**Task description**
All of the entries below must be copied out exactly.

[Data excerpts]
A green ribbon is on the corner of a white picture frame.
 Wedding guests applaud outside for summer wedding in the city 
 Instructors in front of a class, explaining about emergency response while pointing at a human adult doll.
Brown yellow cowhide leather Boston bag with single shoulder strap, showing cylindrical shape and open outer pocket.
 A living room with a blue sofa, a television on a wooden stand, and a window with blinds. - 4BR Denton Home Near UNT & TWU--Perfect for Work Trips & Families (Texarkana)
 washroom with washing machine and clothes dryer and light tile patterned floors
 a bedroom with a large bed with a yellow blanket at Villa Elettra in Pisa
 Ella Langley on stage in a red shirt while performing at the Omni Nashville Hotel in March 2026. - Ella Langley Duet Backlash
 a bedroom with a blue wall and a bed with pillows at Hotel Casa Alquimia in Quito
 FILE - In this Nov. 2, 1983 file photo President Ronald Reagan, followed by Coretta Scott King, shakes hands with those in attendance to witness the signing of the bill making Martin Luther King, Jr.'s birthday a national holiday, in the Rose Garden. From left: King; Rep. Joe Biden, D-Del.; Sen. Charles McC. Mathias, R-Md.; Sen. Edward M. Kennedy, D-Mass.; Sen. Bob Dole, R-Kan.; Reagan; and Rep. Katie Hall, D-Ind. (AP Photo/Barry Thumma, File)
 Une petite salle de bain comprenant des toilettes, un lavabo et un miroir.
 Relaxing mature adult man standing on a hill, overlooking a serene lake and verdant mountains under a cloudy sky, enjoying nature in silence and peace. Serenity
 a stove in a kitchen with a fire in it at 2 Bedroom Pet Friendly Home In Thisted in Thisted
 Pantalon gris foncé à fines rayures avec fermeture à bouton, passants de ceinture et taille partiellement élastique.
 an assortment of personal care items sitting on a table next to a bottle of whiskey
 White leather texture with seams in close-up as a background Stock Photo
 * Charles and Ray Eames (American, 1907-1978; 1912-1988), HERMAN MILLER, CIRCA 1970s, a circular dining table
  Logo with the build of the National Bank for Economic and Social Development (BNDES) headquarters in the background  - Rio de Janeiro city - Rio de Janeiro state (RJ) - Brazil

**Written reply**
A green ribbon is on the corner of a white picture frame.
 Wedding guests applaud outside for summer wedding in the city 
 Instructors in front of a class, explaining about emergency response while pointing at a human adult doll.
Brown yellow cowhide leather Boston bag with single shoulder strap, showing cylindrical shape and open outer pocket.
 A living room with a blue sofa, a television on a wooden stand, and a window with blinds. - 4BR Denton Home Near UNT & TWU--Perfect for Work Trips & Families (Texarkana)
 washroom with washing machine and clothes dryer and light tile patterned floors
 a bedroom with a large bed with a yellow blanket at Villa Elettra in Pisa
 Ella Langley on stage in a red shirt while performing at the Omni Nashville Hotel in March 2026. - Ella Langley Duet Backlash
 a bedroom with a blue wall and a bed with pillows at Hotel Casa Alquimia in Quito
 FILE - In this Nov. 2, 1983 file photo President Ronald Reagan, followed by Coretta Scott King, shakes hands with those in attendance to witness the signing of the bill making Martin Luther King, Jr.'s birthday a national holiday, in the Rose Garden. From left: King; Rep. Joe Biden, D-Del.; Sen. Charles McC. Mathias, R-Md.; Sen. Edward M. Kennedy, D-Mass.; Sen. Bob Dole, R-Kan.; Reagan; and Rep. Katie Hall, D-Ind. (AP Photo/Barry Thumma, File)
 Une petite salle de bain comprenant des toilettes, un lavabo et un miroir.
 Relaxing mature adult man standing on a hill, overlooking a serene lake and verdant mountains under a cloudy sky, enjoying nature in silence and peace. Serenity
 a stove in a kitchen with a fire in it at 2 Bedroom Pet Friendly Home In Thisted in Thisted
 Pantalon gris foncé à fines rayures avec fermeture à bouton, passants de ceinture et taille partiellement élastique.
 an assortment of personal care items sitting on a table next to a bottle of whiskey
 White leather texture with seams in close-up as a background Stock Photo
 * Charles and Ray Eames (American, 1907-1978; 1912-1988), HERMAN MILLER, CIRCA 1970s, a circular dining table
  Logo with the build of the National Bank for Economic and Social Development (BNDES) headquarters in the background  - Rio de Janeiro city - Rio de Janeiro state (RJ) - Brazil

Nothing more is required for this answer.